*** Opening of SUPPLIED DATA ***

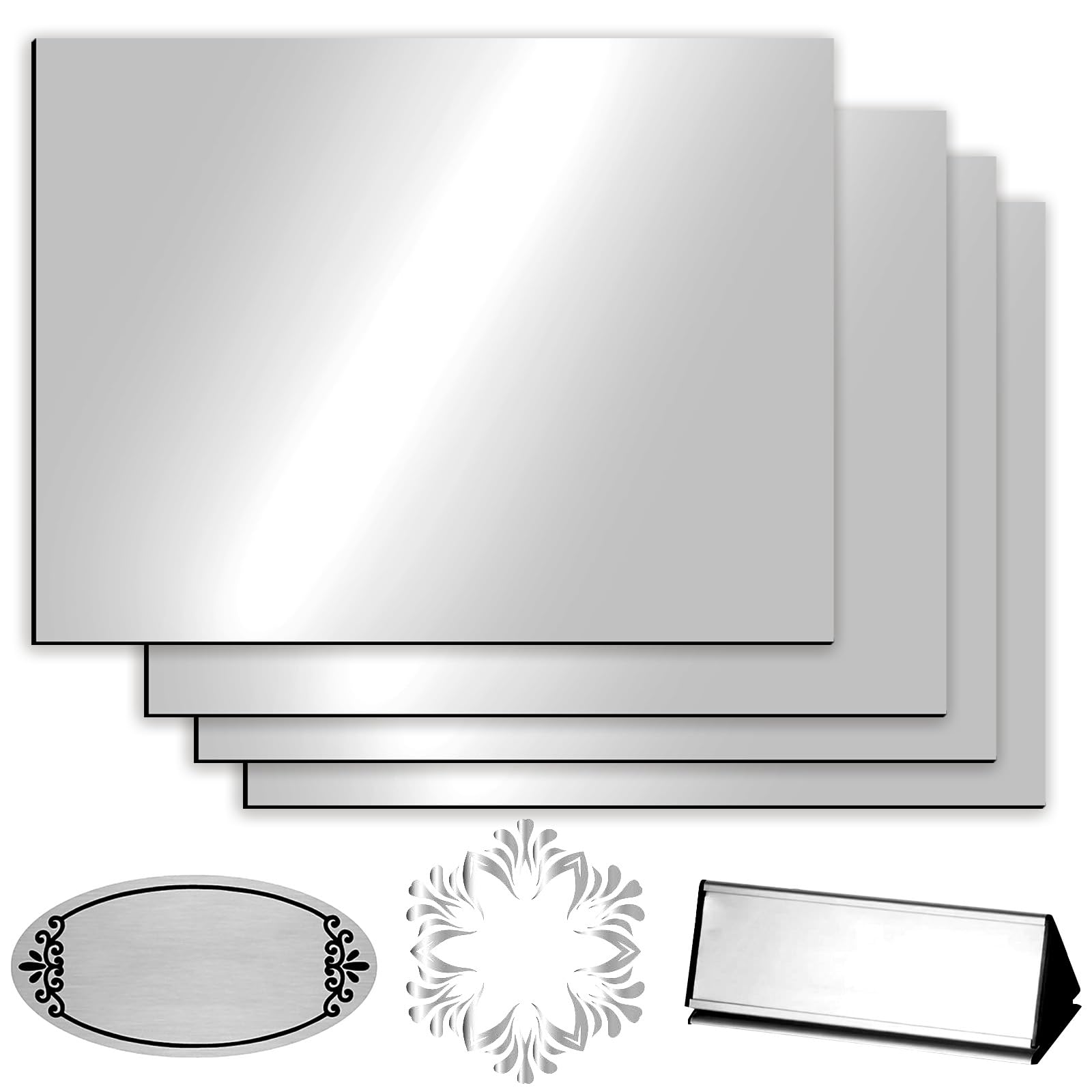 ABS kunststof plaat 30x20 cm, 4 stuks Laser Gravure Plaat, Lasergravure Rohlinge Tweekleurige kunststof plaat 1,3mm Goud Gravureplaten Laser Rohlinge om te graveren Schilderijen DIY Knutselen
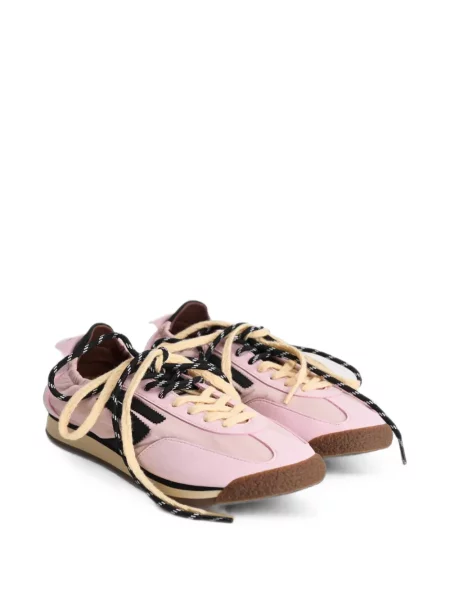 Sneakers Puraai με δαντέλα με αυτόγραφο ροζ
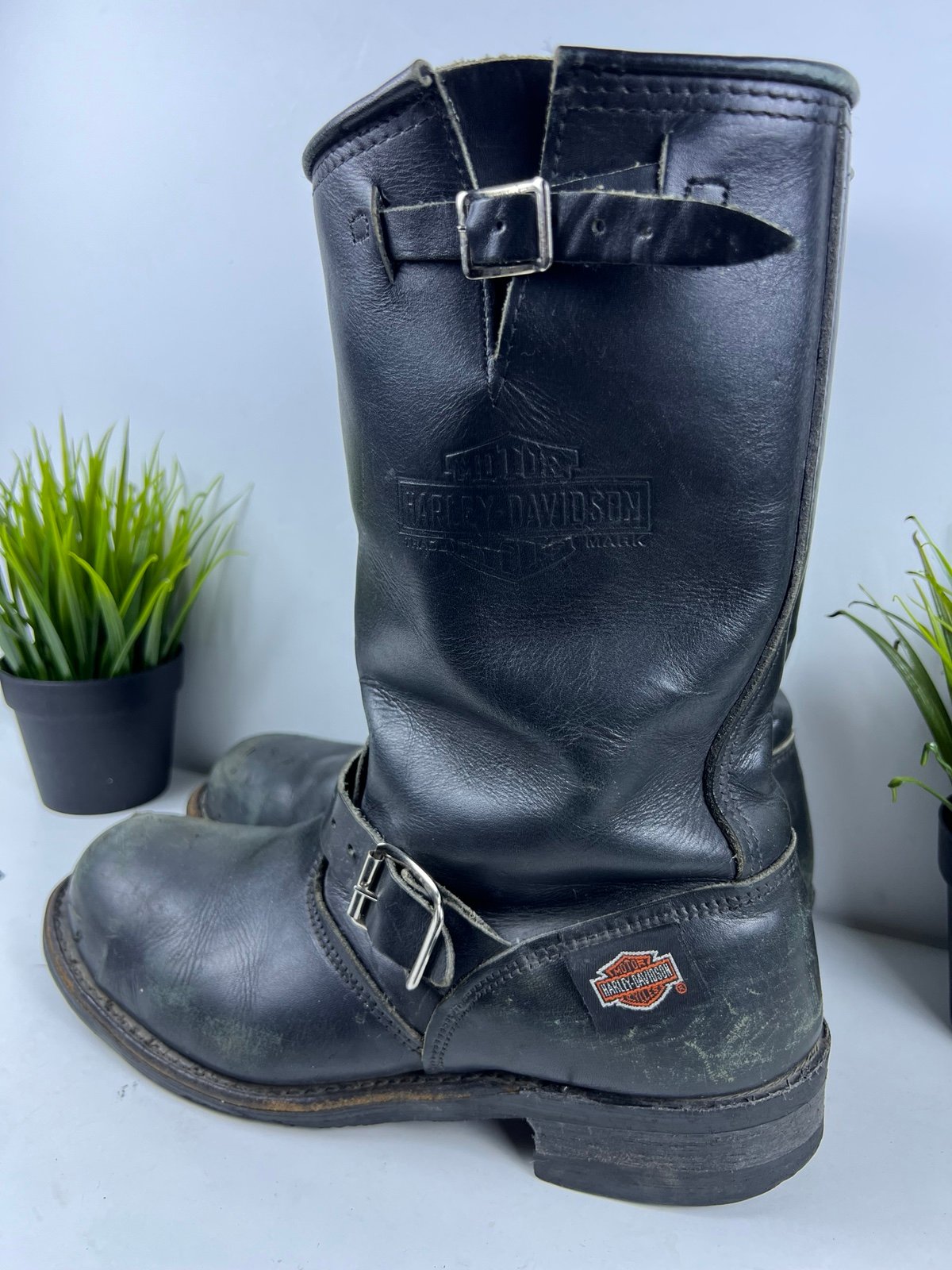 Harley Davidson Vintage Engineer Biker Boots | Mercari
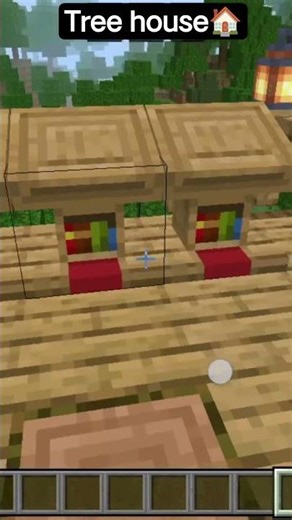 Treehouse + Village || Minecraft gameplay ✨ #short #$hadow King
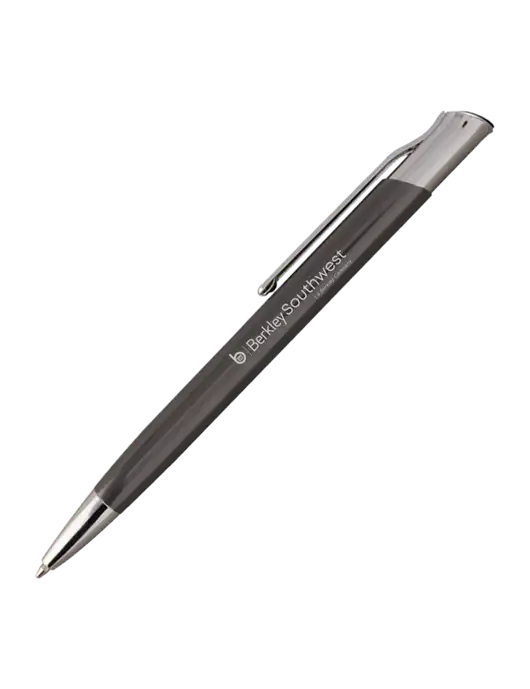 San Malo Gunmetal Pen - Black Ink w/Berkley SW logo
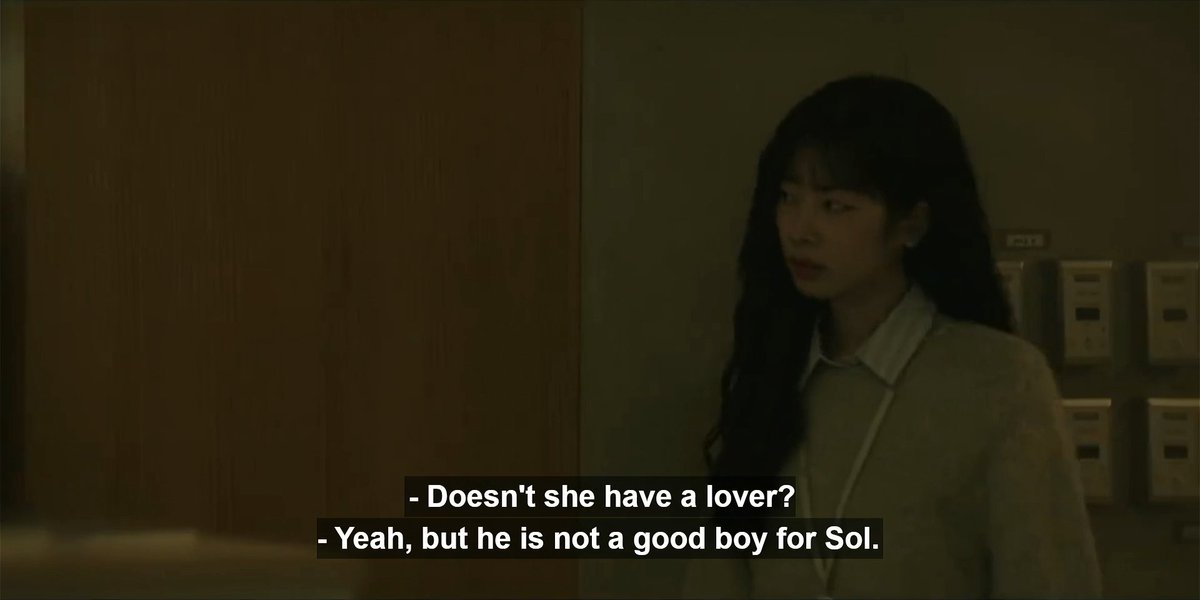 Dahyun overhearing about someone trying to get with Junseo's girlfriend next episode and the sigh when she has to listen to him talk about her 😭
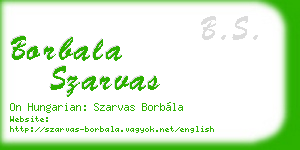 borbala szarvas business card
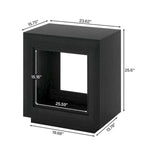 Tavolino in legno con contenitore, Comodini in noce per soggiorno, camera da letto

*** Close of SUPPLIED DATA ***

Both the line containing "Harley Davidson Vintage" and the last line of the records above belong in the exact copy, along with every line between them; pictures do not.

 Harley Davidson Vintage Engineer Biker Boots | Mercari
 Treehouse + Village || Minecraft gameplay ✨ #short #$hadow King
 San Malo Gunmetal Pen - Black Ink w/Berkley SW logo
 Dahyun overhearing about someone trying to get with Junseo's girlfriend next episode and the sigh when she has to listen to him talk about her 😭
 borbala szarvas business card
 Tavolino in legno con contenitore, Comodini in noce per soggiorno, camera da letto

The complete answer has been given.